[62.] Melepas Rindu

2.5K 62 29
                                    

"Sampai segitunya banget sih ... dia benar-benar membutuhkan kamu tuh?" kata Safina.

"Ya, mungkin aja dia memang sedang dalam sebuah masalah. Atau ... ah, entahlah, mungkin dia hanya cengeng ala ala drama saja, seperti biasanya." kataku.

"Kamu masih mencintai dia Rai?" tanya Safina.

"Ah apa?? Ahahaha, sudahlah, sekarang masa-masa itu udah berakhir Fin.
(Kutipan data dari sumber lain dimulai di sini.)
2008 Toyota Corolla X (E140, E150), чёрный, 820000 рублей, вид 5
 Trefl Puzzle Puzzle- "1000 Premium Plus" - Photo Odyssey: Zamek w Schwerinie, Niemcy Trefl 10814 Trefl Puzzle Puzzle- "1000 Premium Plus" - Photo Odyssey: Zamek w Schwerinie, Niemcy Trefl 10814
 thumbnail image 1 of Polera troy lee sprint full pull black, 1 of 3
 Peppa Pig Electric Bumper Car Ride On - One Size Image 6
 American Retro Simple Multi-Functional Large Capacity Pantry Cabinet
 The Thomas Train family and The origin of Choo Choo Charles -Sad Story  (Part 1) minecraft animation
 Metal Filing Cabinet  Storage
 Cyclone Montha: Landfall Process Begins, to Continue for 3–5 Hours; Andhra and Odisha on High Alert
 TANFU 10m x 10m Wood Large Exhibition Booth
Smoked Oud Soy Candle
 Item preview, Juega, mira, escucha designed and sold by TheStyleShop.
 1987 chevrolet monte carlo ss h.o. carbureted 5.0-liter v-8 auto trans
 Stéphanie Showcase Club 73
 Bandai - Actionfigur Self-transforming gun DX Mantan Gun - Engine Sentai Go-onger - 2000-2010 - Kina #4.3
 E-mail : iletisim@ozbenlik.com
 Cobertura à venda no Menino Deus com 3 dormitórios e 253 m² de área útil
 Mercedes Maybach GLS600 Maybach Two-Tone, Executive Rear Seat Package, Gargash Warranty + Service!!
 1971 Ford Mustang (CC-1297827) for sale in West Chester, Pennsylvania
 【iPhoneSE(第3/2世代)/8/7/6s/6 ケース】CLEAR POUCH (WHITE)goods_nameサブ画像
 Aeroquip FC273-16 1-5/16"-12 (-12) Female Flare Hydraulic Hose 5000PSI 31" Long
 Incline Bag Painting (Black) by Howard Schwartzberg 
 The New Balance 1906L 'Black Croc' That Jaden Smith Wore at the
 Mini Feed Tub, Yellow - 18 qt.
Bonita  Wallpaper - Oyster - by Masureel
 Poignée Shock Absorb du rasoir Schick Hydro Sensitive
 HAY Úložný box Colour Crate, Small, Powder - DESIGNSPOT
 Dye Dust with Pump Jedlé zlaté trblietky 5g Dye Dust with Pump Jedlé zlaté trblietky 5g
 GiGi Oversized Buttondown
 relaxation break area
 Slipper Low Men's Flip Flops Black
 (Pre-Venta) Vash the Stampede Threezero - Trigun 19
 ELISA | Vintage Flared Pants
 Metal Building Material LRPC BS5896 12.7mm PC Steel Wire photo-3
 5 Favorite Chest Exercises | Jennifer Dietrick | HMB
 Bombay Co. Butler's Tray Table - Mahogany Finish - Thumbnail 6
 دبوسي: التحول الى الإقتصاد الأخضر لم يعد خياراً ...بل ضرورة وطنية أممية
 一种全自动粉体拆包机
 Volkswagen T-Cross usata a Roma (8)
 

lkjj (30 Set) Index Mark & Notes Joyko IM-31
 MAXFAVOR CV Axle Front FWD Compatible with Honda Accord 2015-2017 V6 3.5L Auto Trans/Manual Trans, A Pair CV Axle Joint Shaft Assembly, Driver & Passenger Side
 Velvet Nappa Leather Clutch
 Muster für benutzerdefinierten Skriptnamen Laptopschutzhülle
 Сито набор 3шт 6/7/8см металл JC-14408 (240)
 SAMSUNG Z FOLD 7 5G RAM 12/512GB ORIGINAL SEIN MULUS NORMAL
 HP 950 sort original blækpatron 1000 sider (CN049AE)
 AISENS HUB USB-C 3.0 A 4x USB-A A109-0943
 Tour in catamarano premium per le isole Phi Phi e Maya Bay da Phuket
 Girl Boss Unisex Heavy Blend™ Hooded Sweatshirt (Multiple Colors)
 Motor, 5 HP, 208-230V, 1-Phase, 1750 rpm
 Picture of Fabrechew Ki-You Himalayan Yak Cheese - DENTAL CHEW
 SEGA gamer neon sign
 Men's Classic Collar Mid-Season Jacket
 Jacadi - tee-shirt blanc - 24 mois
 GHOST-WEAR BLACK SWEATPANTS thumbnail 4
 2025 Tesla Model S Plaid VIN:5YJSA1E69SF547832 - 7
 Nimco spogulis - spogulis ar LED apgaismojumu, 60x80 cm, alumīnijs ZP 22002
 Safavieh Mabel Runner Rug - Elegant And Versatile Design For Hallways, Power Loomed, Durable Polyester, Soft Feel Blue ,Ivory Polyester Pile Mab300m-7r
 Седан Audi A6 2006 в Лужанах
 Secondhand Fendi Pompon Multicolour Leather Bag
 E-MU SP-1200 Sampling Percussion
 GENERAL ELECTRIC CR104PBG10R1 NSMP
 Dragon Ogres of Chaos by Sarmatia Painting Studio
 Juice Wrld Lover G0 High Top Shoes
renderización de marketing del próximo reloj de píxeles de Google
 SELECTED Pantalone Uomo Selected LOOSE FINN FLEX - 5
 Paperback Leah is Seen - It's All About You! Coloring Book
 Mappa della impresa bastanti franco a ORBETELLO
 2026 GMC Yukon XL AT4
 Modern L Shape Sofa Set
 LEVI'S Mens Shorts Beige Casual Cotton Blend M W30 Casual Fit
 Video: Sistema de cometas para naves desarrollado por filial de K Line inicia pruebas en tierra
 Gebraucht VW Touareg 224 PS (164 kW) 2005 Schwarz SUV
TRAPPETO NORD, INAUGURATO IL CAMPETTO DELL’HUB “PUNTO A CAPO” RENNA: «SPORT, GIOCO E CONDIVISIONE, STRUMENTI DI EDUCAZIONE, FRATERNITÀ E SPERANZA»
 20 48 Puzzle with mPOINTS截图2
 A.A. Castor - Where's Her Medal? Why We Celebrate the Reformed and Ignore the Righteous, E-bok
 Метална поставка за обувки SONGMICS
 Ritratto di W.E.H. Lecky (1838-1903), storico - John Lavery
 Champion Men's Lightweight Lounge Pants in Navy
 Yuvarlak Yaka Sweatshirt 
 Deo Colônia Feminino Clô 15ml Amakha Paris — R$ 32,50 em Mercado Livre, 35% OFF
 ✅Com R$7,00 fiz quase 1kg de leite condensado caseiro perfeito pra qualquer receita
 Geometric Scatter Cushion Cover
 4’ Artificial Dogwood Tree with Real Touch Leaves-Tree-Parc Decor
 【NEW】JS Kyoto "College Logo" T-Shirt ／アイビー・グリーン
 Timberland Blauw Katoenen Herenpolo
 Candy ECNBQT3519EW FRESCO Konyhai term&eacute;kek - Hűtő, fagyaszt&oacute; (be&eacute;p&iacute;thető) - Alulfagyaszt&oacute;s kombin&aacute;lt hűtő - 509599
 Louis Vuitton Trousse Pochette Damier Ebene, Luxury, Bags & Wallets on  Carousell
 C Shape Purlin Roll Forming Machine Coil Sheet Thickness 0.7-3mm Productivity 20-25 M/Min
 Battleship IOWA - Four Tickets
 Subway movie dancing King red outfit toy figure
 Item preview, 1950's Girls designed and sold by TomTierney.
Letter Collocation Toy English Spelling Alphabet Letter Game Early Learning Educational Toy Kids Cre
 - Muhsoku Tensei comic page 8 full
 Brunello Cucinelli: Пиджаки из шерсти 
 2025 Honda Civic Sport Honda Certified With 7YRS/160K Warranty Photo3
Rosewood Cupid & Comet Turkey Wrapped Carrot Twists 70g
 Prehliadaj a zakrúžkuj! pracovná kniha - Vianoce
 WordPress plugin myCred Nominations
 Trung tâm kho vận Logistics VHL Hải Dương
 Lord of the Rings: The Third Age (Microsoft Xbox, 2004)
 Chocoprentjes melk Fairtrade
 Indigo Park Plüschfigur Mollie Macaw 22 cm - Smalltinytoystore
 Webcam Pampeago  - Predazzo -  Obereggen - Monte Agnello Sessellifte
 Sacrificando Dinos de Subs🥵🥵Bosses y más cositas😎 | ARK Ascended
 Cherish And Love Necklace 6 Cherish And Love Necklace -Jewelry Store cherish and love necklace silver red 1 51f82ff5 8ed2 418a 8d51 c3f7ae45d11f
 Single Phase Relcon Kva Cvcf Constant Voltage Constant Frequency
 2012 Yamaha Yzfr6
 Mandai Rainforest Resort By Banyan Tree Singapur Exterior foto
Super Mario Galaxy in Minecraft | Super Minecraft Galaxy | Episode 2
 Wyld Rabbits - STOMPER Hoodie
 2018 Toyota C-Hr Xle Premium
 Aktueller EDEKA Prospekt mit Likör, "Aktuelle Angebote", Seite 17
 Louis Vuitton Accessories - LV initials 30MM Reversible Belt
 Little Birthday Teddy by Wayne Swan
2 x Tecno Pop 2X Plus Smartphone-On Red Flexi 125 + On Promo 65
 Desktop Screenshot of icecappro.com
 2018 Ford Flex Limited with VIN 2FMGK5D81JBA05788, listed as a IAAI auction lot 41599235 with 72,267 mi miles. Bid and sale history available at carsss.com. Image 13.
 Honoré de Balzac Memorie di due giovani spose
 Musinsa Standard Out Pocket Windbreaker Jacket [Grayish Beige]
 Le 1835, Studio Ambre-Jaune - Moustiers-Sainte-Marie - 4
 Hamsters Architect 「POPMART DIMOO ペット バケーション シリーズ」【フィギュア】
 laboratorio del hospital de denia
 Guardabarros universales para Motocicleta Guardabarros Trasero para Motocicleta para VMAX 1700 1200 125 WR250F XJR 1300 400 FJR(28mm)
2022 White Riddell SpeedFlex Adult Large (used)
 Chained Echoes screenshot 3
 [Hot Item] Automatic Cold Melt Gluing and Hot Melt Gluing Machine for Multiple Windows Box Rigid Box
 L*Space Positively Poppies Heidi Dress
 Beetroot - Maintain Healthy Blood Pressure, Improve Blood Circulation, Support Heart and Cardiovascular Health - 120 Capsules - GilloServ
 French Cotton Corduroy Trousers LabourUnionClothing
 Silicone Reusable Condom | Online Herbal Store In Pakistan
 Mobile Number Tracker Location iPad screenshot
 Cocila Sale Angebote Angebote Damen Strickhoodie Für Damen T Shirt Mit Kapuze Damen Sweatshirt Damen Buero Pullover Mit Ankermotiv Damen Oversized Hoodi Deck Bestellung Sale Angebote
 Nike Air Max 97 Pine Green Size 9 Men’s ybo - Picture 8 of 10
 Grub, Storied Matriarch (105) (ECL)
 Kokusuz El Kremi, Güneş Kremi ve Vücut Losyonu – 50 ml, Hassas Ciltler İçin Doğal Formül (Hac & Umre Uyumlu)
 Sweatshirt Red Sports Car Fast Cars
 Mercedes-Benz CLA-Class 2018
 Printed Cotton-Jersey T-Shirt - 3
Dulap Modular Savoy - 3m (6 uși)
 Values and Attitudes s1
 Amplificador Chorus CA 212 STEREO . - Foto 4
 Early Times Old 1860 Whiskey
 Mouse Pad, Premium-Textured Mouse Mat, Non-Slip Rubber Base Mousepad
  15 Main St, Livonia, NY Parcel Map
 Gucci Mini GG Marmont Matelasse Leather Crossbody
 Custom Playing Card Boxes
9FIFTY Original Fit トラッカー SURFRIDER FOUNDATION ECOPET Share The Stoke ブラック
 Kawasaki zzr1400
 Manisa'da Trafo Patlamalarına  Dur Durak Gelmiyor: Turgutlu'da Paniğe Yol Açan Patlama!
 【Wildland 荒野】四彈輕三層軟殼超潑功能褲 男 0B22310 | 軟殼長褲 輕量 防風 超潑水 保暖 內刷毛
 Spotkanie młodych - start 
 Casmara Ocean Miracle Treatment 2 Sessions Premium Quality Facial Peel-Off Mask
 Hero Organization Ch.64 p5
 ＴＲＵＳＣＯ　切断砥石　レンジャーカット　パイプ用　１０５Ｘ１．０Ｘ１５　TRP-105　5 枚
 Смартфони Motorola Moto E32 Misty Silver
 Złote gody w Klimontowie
Aku udah melangkah meninggalkan masa lalu dan diriku yang dulu." kataku.

"Kalo seandainya, Maya benar-benar mencintai kamu sekarang, dia benar-benar mau sama kamu selamanya? Gimana?"

Aku balas menatap Safina, kuhentikan langkahku sejenak.

Aku kembali teringat-ingat pada momen-momen yang lalu, ketika Maya yang dulu pernah juga putus dari si Tampan. Aku ingat betul bagaimana ia menangis dan merengek padaku, bagaimana caranya ia berkata bahwa ia sangat membutuhkanku kala itu. Aku ingat sewaktu ia bilang ingin memulai sesuatu yang baru. Aku ingat masa-masa ketika aku menghiburnya—diriku yang berkorban waktu, tenaga, pikiran hingga materi.

Aku mengorbankan banyak hal untuk Maya, sementara ia tidak pernah memperhatikan aku yang telah memberikan hatiku kepadanya. Aku tidak mempedulikan diriku sendiri, sementara yang kuberikan perhatian juga tidak mempedulikan diriku. Aku telah berbuat hal yang lebih buruk dari pada menyakiti diri sendiri.

"Aku pernah dibutakan oleh cinta. Sekarang aku belajar ... apa yang dulu pernah kurasakan untuk Maya, mungkin itu bukan cinta. Tapi bisa saja itu ... hanya sekedar ... obsesi." kataku, "aku rasa masih terlalu bodoh untuk mengerti cinta saat itu."

Seharusnya aku belajar, memahami jika; Cinta itu adalah, ketika dua orang manusia saling berbalas kasih sayang. Saling sambut menyambut perasaan satu sama lain. Cinta itu bisa dideskripsikan kepada banyak hal. Bisa cinta kepada sahabat, saudara, kekasih ... dan yang terpenting dan tidak boleh dilupakan adalah ... mencintai diri sendiri.

Aku sudah tidak mau tahu lagi apapun yang dialami Maya sekarang, itu sudah bukan urusanku lagi. Lagipula ini juga sudah mendekati tahun terakhir perkuliahan—apalagi bagi angkatanku tentunya. Aku juga masih ada satu tahun yang tertinggal yang harus kukejar. Maka dari itu, lebih baik aku fokus dengan apa yang menjadi tujuanku sekarang. Kami sudah bukan anak remaja lagi. Tidak lama lagi pun kami sudah tidak masuk hitungan anak muda lagi. Saatnya sama-sama belajar menjadi dewasa dan menghadapi kehidupan nyata.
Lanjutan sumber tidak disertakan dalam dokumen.